Additionally, one often overlooked issue with redundancy is that backup systems cannot just be put into place and forgotten about until a problem arises. Doing this simply creates a second failure waiting to happen, which can result in redundancy failing. Without a system that also monitors any backups put into place, a redundancy failure may go unnoticed until the primary system fails and causes unplanned downtime because the backup had also long since failed. In short, redundant solutions keep the plant running in the event of an issue. No one noticing when an issue occurs is the goal.

Cybertrol Monitoring and Support Solutions Help Limit OT Network Disruptions

At the beginning of any project involving changes to an OT network, Cybertrol engineers perform a site assessment to create a road map of changes needed to the current infrastructure to meet the organization’s end goals. As part of this assessment, we outline any risks identified for older equipment and best practices for adding more “supportable” equipment.

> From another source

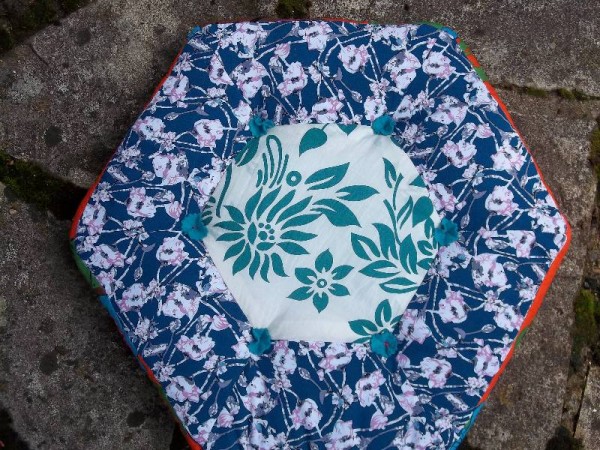 Hexagon patchwork cushion in Vietnamese fabrics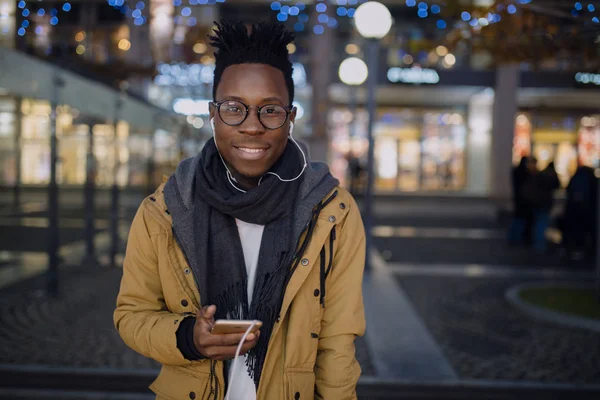 Африканських людина слухати музику в смартфон стоячи в темну ніч city, він посміхається камери — стокове фото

After these initial steps, if the customer wants to implement a long-term support solution, we usually setup a periodic review plan with monthly check-in diagnostics. During this review, we look at all the back-end logs to make sure all systems have been acting normal. If an outlying event occurred that was not severe enough to lead to a push notification, we investigate this further to ensure an issue is not brewing.

Overall, our effectiveness is measured by how little actual disruptive events impact our customers. If everything is running perfectly, this is because our systems and periodic reviews are catching minor issues before they become real problems. To provide more insight to our customers in the future, we are developing a self-access portal that shows clients more of this backend data and integrates their work orders with ours.

While following manufacturer and general OT network design best practices are essential to avoiding unplanned downtime, this practice alone is not a cure all. Putting proper redundant solutions in place and implementing a monitoring and alert notification system to ensure preventative maintenance is implemented are also necessary. To be sure these practices are functioning properly, dedicate resources to monitoring these systems or engage with an experienced third-party company such as Cybertrol. Taking these steps will help maximize OT network uptime and keep your facility running smoothly.